Bitshifting by example

Mike Solomon

If you are a programmer with a history similar to my own then you have seen enough to know vaguely that the << and >> operators in many languages shift bits (usually in integers) around and that there are some techniques to isolate certain blocks of bits out for reading, but you haven’t actually tried these techniques.

Let’s fix that by example.


Bitshifting is actually pretty simple. Take the 32 bit unsigned integer 232 - 1, which is represented by all ones. I have separated it into octets (8-bit bytes).

<-- most significant ... least significant -->
     11111111 11111111 11111111 11111111
      byte 1   byte 2   byte 3   byte 4

Let’s represent this in some C code:

uint32_t field = 0xffffffff;

It is convenient to represent this value using hex notation, since there is a 1:1 mapping between hex and the resultant bits. This is the same value from above, just written in hexadecimal notation instead of binary.

Here is a quick table to convert hex to binary, in case you are unfamiliar or out of practice:

0x0 0x1 0x2 0x3 0x4 0x5 0x6 0x7
0000 0001 0010 0011 0100 0101 0110 0111

0x8 0x9 0xa 0xb 0xc 0xd 0xe 0xf
1000 1001 1010 1011 1100 1101 1110 1111

Now let’s bitshift this left 4 bits:

field = field << 4; // equivalently, field <<= 4

which results in:

11111111 11111111 11111111 11110000

If each 1 were a buffalo and each 0 a plot of empty land, then we just forced 4 buffalo off of the left hand cliff in order to make more empty land on the right hand side.

The rule is simple: when you bitshift left, shift all the bits to the left and pad the right with zeros.

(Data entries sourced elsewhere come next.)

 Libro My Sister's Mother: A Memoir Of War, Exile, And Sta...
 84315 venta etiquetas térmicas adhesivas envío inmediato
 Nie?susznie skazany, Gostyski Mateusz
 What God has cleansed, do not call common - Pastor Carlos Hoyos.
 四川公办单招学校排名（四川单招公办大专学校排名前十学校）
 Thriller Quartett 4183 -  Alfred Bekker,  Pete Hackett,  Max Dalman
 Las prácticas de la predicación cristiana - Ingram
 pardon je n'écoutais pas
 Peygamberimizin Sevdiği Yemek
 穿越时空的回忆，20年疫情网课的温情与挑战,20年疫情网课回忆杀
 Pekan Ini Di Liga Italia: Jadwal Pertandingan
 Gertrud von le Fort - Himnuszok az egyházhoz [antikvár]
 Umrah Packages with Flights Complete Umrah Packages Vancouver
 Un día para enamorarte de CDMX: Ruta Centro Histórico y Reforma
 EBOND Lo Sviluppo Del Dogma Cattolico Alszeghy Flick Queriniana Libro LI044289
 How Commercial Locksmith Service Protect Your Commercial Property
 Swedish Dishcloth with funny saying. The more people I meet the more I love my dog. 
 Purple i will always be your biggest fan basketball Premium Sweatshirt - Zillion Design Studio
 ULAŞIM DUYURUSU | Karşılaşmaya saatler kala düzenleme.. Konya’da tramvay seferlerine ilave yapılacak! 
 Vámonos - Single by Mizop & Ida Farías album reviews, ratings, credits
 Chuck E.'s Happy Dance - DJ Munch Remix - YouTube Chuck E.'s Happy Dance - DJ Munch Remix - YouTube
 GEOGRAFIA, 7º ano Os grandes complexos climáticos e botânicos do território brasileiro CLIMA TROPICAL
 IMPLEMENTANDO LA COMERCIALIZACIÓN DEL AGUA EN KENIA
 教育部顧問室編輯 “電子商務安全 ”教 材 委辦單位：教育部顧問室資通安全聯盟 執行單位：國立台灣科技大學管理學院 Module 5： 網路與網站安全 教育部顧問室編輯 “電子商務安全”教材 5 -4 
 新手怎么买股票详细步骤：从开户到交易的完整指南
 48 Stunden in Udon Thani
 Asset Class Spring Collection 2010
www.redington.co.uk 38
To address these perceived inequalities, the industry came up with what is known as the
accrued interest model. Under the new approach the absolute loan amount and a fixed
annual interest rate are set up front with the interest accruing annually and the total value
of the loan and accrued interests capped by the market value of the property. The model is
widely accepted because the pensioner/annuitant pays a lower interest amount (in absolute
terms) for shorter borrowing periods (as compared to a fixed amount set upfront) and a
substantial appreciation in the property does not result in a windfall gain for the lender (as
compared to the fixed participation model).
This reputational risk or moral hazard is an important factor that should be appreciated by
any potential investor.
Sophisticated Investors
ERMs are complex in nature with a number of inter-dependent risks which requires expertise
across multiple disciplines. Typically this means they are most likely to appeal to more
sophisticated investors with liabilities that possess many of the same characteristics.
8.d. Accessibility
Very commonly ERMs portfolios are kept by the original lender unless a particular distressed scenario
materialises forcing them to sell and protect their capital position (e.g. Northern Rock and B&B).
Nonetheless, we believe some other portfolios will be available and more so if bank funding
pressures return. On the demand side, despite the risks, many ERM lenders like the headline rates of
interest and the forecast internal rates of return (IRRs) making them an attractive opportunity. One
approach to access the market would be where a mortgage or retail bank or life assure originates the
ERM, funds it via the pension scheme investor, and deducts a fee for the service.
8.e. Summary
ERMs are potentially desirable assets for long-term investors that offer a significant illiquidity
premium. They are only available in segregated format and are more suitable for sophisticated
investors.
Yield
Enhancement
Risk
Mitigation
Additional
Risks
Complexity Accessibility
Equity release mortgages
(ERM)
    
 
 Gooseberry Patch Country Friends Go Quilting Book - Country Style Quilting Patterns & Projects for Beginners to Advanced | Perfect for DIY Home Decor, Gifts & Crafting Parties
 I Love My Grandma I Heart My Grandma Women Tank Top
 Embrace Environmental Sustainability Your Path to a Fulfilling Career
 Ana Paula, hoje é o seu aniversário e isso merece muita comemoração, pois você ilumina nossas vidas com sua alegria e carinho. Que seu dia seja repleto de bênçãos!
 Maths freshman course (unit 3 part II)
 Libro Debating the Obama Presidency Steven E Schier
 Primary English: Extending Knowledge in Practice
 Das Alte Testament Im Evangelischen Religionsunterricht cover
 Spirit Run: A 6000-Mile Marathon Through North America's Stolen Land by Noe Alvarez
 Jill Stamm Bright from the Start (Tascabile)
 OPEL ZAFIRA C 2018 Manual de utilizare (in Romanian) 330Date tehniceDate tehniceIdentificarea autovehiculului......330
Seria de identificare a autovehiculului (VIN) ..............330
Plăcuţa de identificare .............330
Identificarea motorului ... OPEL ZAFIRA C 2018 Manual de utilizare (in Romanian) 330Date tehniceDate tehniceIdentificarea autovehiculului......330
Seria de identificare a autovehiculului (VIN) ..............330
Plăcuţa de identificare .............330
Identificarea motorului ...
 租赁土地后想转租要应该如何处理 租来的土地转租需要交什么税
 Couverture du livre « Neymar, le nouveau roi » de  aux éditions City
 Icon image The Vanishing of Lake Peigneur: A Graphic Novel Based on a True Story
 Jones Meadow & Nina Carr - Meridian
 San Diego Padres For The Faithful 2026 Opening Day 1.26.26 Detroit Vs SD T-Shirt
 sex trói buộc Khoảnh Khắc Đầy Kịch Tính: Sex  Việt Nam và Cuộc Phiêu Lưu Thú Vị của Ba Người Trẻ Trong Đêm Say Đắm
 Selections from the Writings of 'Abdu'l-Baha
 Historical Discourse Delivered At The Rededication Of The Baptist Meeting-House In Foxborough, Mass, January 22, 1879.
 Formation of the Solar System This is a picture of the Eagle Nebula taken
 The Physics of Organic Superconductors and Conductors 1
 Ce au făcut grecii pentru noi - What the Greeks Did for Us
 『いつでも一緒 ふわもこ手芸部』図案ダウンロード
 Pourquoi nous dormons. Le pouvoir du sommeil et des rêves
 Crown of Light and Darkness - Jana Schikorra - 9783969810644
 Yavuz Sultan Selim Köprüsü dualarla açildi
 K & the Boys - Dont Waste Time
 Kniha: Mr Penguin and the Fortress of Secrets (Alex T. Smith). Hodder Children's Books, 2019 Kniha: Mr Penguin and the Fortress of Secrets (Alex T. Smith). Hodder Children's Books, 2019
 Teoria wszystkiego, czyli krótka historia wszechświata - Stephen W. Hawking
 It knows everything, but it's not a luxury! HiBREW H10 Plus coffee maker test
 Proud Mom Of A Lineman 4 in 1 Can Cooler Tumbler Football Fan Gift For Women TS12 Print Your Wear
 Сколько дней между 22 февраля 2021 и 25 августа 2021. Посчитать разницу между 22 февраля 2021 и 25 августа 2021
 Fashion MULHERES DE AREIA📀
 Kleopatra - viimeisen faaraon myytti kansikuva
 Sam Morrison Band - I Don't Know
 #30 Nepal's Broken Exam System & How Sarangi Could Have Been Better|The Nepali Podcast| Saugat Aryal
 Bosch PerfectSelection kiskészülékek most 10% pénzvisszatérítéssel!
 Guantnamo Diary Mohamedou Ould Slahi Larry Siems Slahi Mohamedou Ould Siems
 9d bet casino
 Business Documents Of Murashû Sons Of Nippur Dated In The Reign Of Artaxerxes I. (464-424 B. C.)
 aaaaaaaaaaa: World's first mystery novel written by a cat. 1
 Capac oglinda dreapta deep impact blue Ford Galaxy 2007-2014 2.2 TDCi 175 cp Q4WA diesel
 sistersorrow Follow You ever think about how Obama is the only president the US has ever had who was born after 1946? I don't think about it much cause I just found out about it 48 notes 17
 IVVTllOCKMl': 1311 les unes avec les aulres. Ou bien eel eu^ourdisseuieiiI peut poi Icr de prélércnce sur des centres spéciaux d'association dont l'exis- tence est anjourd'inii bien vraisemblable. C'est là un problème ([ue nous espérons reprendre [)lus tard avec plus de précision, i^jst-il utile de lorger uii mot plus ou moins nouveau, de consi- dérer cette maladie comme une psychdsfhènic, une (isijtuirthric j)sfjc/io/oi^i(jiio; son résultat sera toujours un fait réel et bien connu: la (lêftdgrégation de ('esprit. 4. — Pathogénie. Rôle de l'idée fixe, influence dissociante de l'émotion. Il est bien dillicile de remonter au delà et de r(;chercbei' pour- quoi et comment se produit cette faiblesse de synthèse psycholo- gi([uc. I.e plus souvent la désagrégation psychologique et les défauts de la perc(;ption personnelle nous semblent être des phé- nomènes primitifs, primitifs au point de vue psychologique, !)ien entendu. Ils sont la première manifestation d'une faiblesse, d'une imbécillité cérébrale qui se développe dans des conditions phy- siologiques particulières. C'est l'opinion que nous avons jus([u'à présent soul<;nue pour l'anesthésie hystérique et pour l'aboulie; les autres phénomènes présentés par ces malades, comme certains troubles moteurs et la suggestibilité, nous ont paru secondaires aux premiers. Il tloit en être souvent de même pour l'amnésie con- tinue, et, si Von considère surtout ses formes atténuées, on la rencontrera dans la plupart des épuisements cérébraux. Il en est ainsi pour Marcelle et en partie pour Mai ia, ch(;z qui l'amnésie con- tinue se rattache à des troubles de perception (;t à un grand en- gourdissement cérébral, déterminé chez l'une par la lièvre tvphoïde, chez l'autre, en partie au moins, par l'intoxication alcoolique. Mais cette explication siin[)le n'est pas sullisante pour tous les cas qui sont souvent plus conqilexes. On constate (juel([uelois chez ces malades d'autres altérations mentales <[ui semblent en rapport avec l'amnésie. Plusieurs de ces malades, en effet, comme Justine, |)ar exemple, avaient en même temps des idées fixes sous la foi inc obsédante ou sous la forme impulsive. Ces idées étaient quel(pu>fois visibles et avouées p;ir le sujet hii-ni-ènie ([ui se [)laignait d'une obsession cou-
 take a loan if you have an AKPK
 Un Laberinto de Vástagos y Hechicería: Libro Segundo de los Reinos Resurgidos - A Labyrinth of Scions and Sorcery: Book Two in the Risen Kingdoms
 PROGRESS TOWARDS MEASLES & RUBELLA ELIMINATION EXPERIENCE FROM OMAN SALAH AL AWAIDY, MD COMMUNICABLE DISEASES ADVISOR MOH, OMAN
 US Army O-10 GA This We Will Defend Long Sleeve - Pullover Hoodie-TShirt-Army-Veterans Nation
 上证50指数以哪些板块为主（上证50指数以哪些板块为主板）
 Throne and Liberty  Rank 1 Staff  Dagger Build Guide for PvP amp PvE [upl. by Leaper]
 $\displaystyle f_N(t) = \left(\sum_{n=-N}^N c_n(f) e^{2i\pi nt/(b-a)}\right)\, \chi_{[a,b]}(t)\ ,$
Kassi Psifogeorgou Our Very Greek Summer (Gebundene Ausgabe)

For some reason this makes me think of hunting by buffalo jump.

Bitshift right

Bitshifting right is much like bitshifting left–in fact, it is identical unless you are using signed integers, in which case things get implementation-specific in some languages (basically, sometimes you get padded with the sign-bit instead of always 0).

Today, let’s just worry about unsigned integers.

Continuing with our result from before, a small bitshift right

field = field >> 1;

results in

01111111 11111111 11111111 11111000

Notice that since field is unsigned we pad with a 0 on the left, and that everything else has been shifted right by one location.


Let’s look at a time when all this bitshifting might come in handy.

Universally Unique IDentifiers are 128-bit identifiers that are often displayed in 36-character strings rendered thusly:


But what do UUIDs have to do with bitshifting?

As it happens, there is an RFC to standardize UUIDs and set certain bits in order to identify a given 128 bit object as a UUID and to specify which variant it is.

The UUID specification breaks apart integers into fixed-width fields within each integer and assigns different meanings to each field.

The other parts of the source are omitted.